**Exercise objective**
In the records below, find the line containing "X0000076380047200611031640" and print it and every line after it exactly, through the end. Skip pictures.

**Image-text web data**
________________________

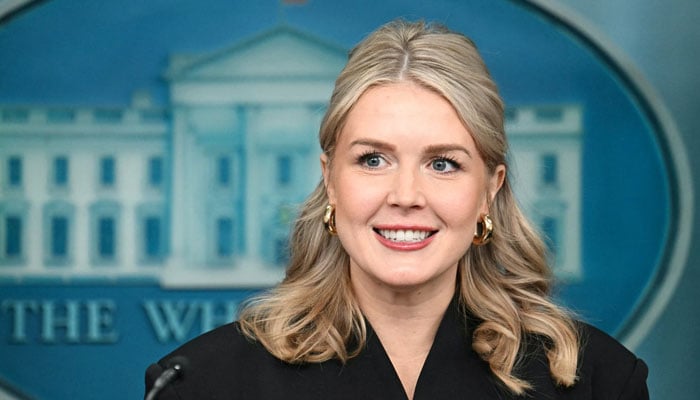 ایران اور امریکا جنگ بندی سے متعلق پاکستان کی سنجیدہ کوششوں کو سراہتے ہیں، کیرولین لیویٹ - فوٹو: فائل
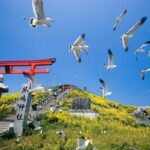 Hachinohe Full-Day Private Trip with Government-Licensed Guide - Who Is This Tour Best For?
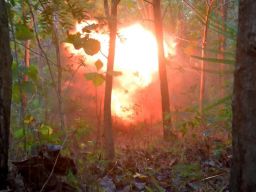 Wonogoro Malang Jadi Medan Tempur Sengit, Terjadi Baku Tembak Prajurit Marinir
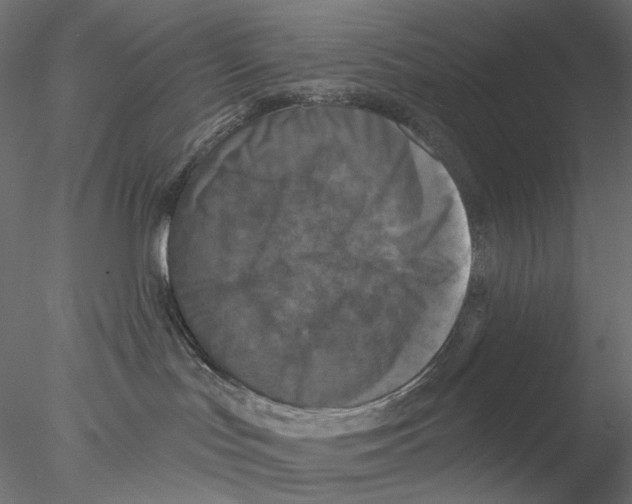 X0000076380047200611031640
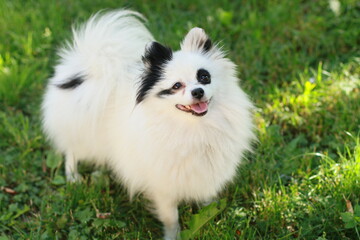 White pomeranian spitz dog walks in nature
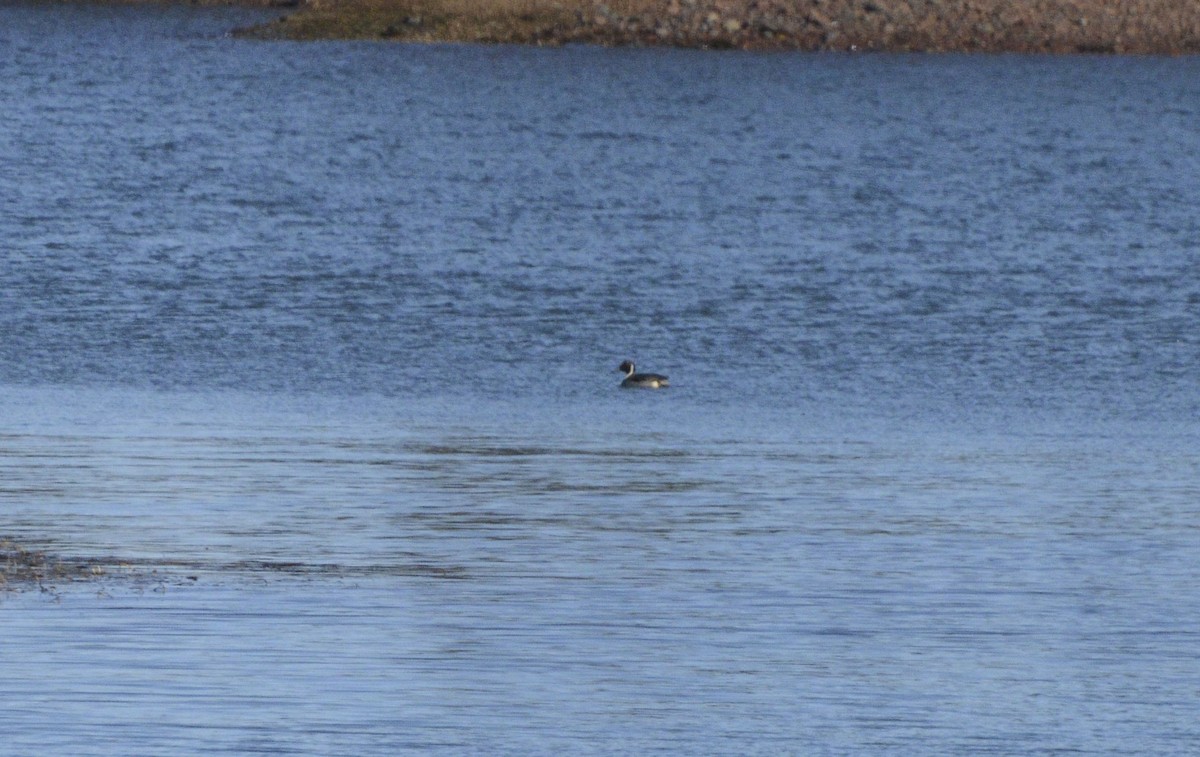 Northern Pintail - Chris Bartlett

________________________

**Result of this exercise**
 X0000076380047200611031640
 White pomeranian spitz dog walks in nature
 Northern Pintail - Chris Bartlett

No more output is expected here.